Здесь удачное место для другого биографического очерка, касающегося моратория человека, которого я не мог бы поставить в один ряд с Бернардом Шоу хотя бы уже потому, что, наверное, он никогда не смеялся от всего сердца и никогда в жизни не мог никого заставить смеяться от души, - это Адольф Гитлер. Человек, бывший первым и единственным другом детства Гитлера, вспоминал, что в юности Гитлер неожиданно для всех исчез на два года, после чего он "всплыл", обуреваемый фанатичным идеологическим устремлением18.
Этот совершенно анонимный мораторий, проведенный в полной изоляции, последовал за жестоким разочарованием позднего отрочества.
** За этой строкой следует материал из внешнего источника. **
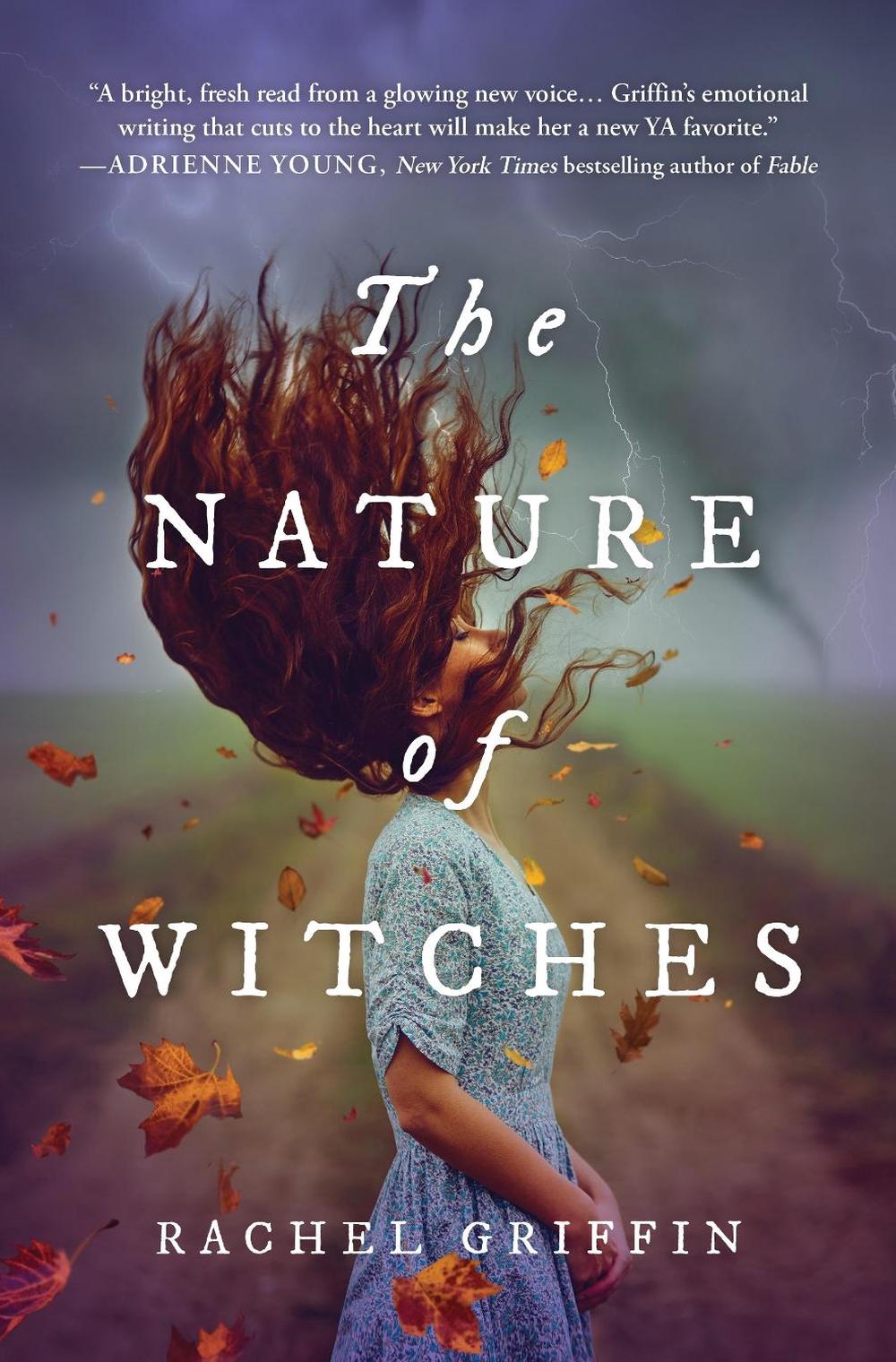 The Nature of Witches by Rachel Griffin - ISBN: 9781728229423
Юношей Гитлер отчаянно мечтал стать архитектором; он днями как бы в прострации бродил по улицам, перестраивая свой родной город Линц. Под перестройкой он понимал полное разрушение старого, но, вне всякого сомнения, не пытался при этом быть конструктивным. Это случилось, когда он наконец послал свой проект нового здания оперы в Линце на конкурс, но
201
тот остался без внимания. После этого случая он порвал с обществом и исчез, чтобы вновь появиться в образе мстителя. И он отомстил, разрушив почти всю Европу. Обреченный на смерть, сидя в своем бункере, он вносил последние штрихи в свой проект здания оперы в Линце, которое к тому времени было почти построено. Таким образом, даже в личности с чрезвычайными деструктивными потребностями отроческие устремления могли просуществовать сверхъестественно долго.